Tuesday, May 08, 2012

Who else has seen Vic Toews divorce file?



Good Day Readers

What is not being mentioned is reporters with a media pass for The Law Courts Building in Winnipeg are exempt from completing an application which creates a paper trail. Then there are lawyers who frequent the File Registry but may not have had any involvement with the case. Are they always required to provide their particulars in writing?

Our point? The list of name(s) turned over to Mr. Towes' lawyer (Robert Tapper) under court order by Queen's Bench Justice Richard Saull may have been far from complete.

Sincerely
Clare L. Pieuk

By Steve Lampert
Tuesday, May 8, 2012

WINNIPEG - A second person with links to the Manitoba NDP accessed the court documents surrounding the divorce of federal Public Safety Minister Vic Toews.

Sarah Carson asked for and received the documents in April 2011 — right in the middle of the last federal election campaign, according to court records tabled in the Manitoba legislature Tuesday by Tory Justice Critic Kelvin Goertzen. Carson was an NDP intern for the 2010-11 fiscal year.

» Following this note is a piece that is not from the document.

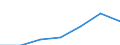 Annex 6 / Interest receivable and similar income - million euro / Data collection on voluntary basis / Million euro / Total credit institutions / Total / United Kingdom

Goertzen suggested Tuesday there was an organized attempt by the provincial NDP to embarrass Toews.

"It remains that there were only two individuals who ever accessed this document, and they were both in your employ," Goertzen told Premier Greg Selinger in the chamber.

"I would ask you whether or not you're going to undertake an investigation to determine why it is these two individuals ... were accessing the divorce records of Mr. Toews."

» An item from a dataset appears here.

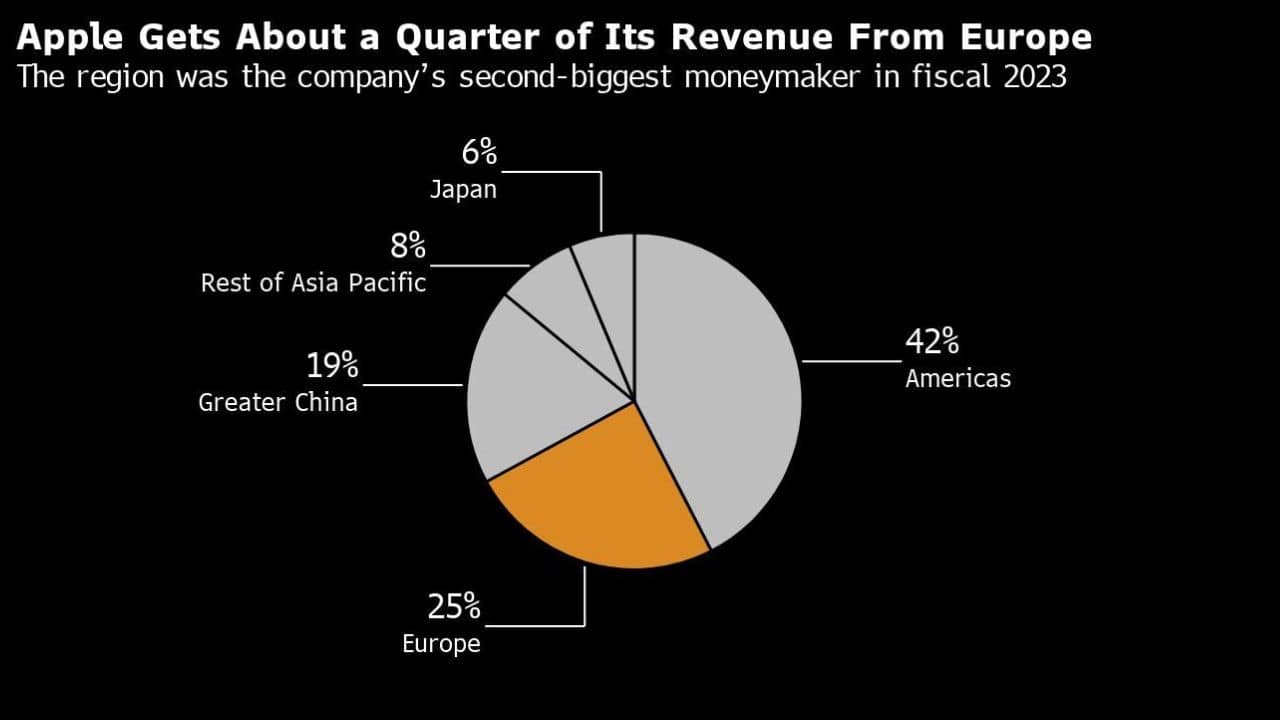 Bloomberg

The documents contain detailed allegations from Toews' former wife, and were leaked on the Internet in February by a Liberal Party staffer in Ottawa, Adam Carroll, who was later fired. Carroll had set up a Twitter account under the name Vikileaks and initially remained anonymous.

Toews later revealed that a Manitoba NDP policy analyst named Thomas Linner had gone to the Winnipeg courthouse that same month and had accessed his divorce documents. The New Democrats fired back, saying Linner only did so after Toews had accused the federal NDP of being connected to Vikileaks. They also pointed out the documents are open to the public.

Carson's access to the court records was much earlier than Linner's and long before the Vikileaks controversy.

Selinger said he had no knowledge of Carson's actions.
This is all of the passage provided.